Allerdings macht mir das mit dem reinen Herz echte Sorgen. Das klingt nach Beichte und Aberglaube und Sündenablass ... Ausgerechnet Capital Bra, der ja nun auch nicht gerade der Freund der totalen Einhaltung der 10 Gebote ist, erzählt uns was von reinem Herzen für Gott. Was soll das eigentlich sein? Reines Herz - einfach nur sich selber treu bleiben oder was?

Habt ein reines Herz und ihr kommt weiter!
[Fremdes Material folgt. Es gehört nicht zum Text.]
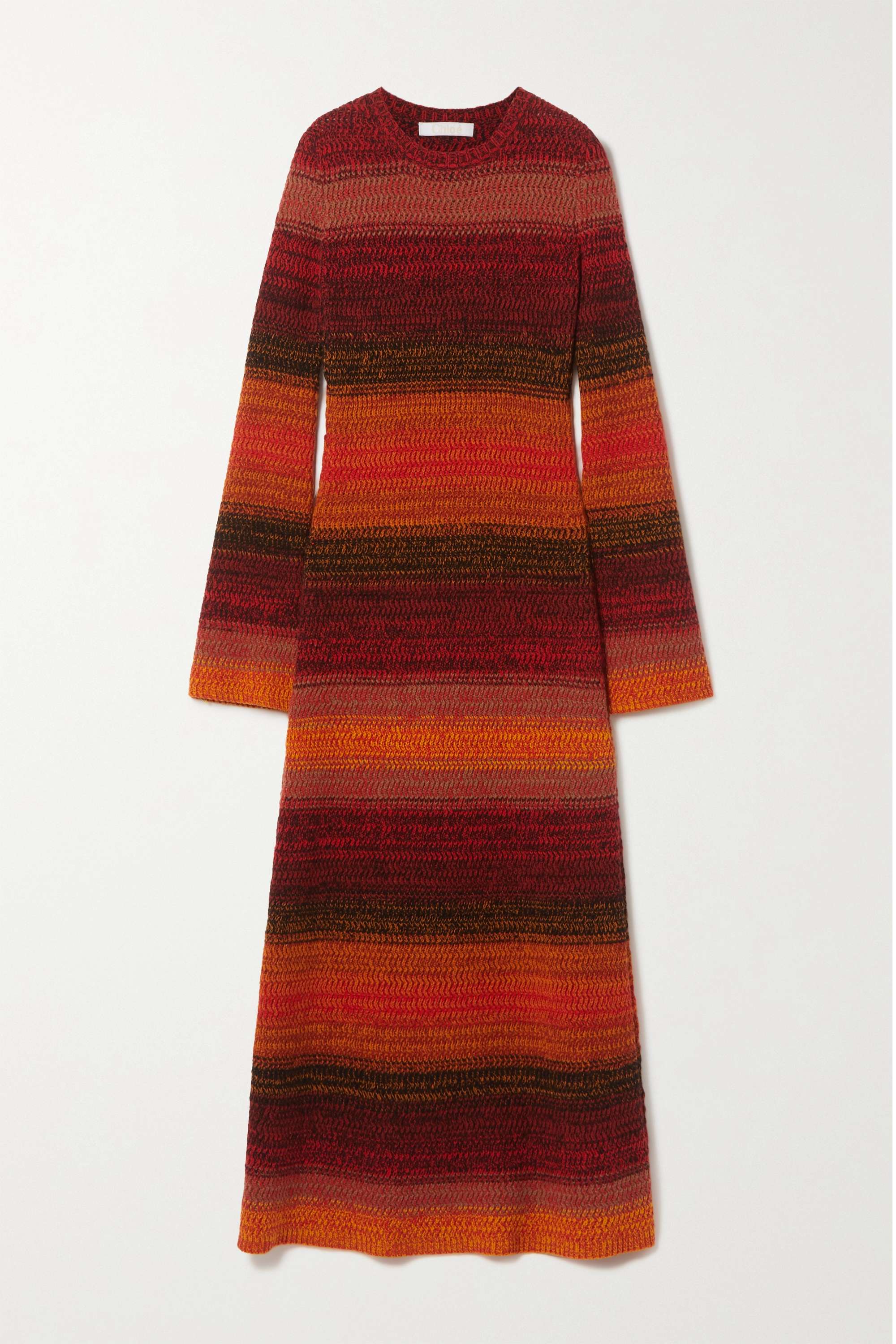 Chloé Striped Ribbed Cashmere Maxi Dress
Genau, das muss dann als Schlussfolgerung kommen. Lebt so wie der Bra und ihr kommt weiter. Wobei ich "reines Herz" und "weiterkommen" einfach mal als "halbwegs aufrecht durchs Leben gehen" deute. Zu seinen Werten stehen. Sich nicht korrumpieren lassen. - Diese Haltung auch bei Bra zu entdecken krieg ich vielleicht noch hin. Das er ein komplett "reines Herz" hat, das trau ich ihm echt zu. Ob das am Ende dann reicht für ein gutes Miteinander, das ist hier mal die Frage. Ich fürchte, dass die völlige Konzentration auf das Ich allein noch nichts reißt. Könnte ja auch sein, dass man selbst einfach nicht alle Informationen hat und genau deshalb Mist baut. Beispiele dafür gibts in der Geschichte genug. Sogar im noch kurzen Leben des Bratan.

Oberlehrer Bra, der uns was vom Leben beibringen will - das ist irgendwie nicht die coolste Rolle für einen noch ziemlich jungen Erfolgsrapper. Da hab ich Angst, dass gleich Xavier Naidoo aus der Kiste gesprungen kommt, der mir auch immerzu erzählen will, was ich zu denken habe. Danke, kein Bedarf!